Publié le par dans Contrat de travail BTP.

En cas de conclusion d’un marché de travaux, le donneur d’ordre est tenu de vérifier que son cocontractant s’acquitte de ses obligations de déclaration et de paiement des cotisations à l’égard de l’URSSAF. Pour ce faire, le cocontractant doit remettre à son donneur d’ordre une attestation de vigilance dont les règles ont été récemment modifiées.
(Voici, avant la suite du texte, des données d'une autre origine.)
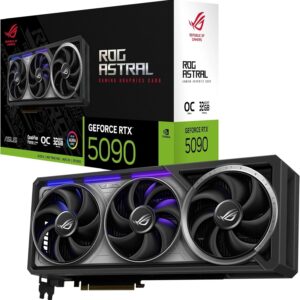 ASUS ROG Astral GeForce RTX 5090 32GB GDDR7 OC Edition Gaming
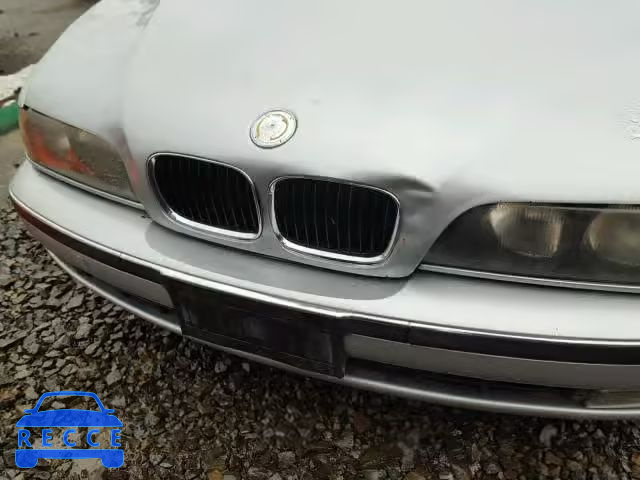 1998 BMW 528 I AUTO WBADD6324WBW45279 image 8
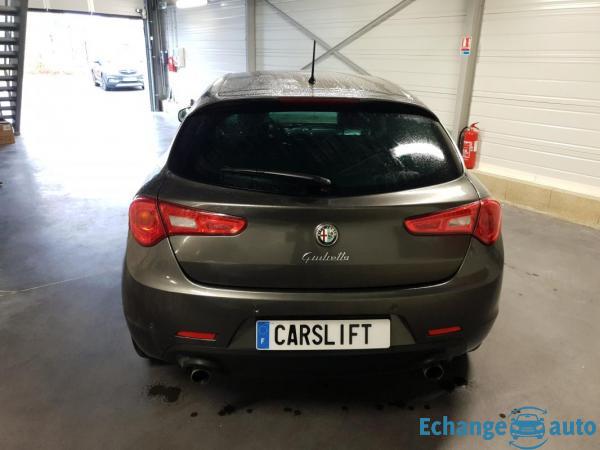 Alfa Romeo Giulietta 2.0 JTDM 170 DISTINCTIVE PACK QV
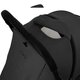 Carucior sport pentru copii Auto-folding Andrea, 0-22 kg, Black, Momi 696608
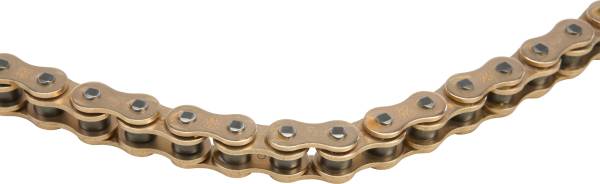 FIRE POWER - HEAVY DUTY CHAIN 520X120 GOLD - Image 1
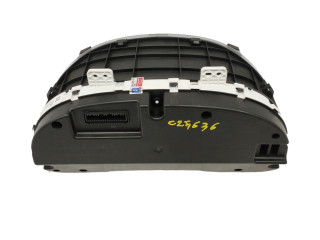 Přístrojová deska Hyundai Ioniq 2016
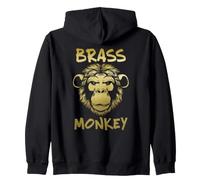 Brass Monkey Sudadera con Capucha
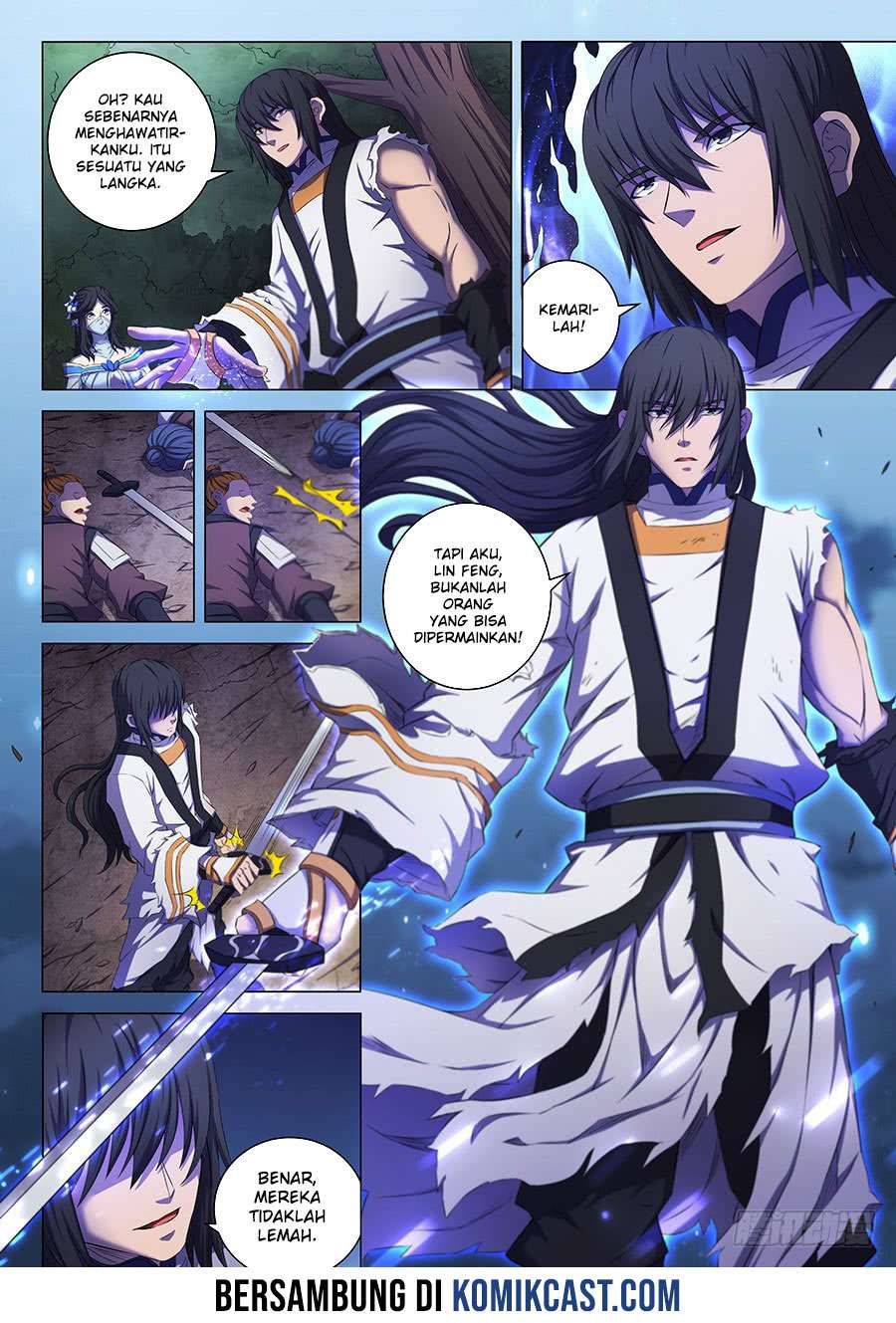Manga page 10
Attestation de vigilance : obligation de remise pour tous marchés supérieurs à 5.000 euros HT

A l’origine, l’attestation de vigilance était obligatoire pour tous les marchés de travaux dont le montant minimum est fixé à 3.000 euros toutes charges comprises.
Désormais, ce seuil est fixé à 5.000 euros hors taxes. Ainsi, en cas de conclusion d’un marché de travaux d’un montant minimum de 5.000 euros HT, le donneur d’ordre, c’est-à-dire le maitre de l’ouvrage ou l’entreprise principale (en cas de sous-traitance), doit se voir remettre par son cocontractant une attestation de vigilance délivrée par l’URSSAF.

Cette attestation doit être remise lors de la conclusion du marché puis renouvelée tous les 6 mois jusqu’à la fin d’exécution des travaux.

   
Cette attestation est disponible uniquement sur le site internet de l’URSSAF dans chaque espace adhérent sur urssaf.fr ou net-enteprises.fr.

Cette attestation s’ajoute aux autres documents obligatoires qui doivent être remis lorsque certaines circonstances sont réunies tels que :

  • un extrait k-bis ou tout autre document équivalent ;
  • la copie de la déclaration de détachement ;
  • la liste des travailleurs soumis à autorisation de travail, celle-ci devant préciser la date d’embauche, la nationalité du travailleur, le type et le numéro d’ordre du titre valant autorisation de travail.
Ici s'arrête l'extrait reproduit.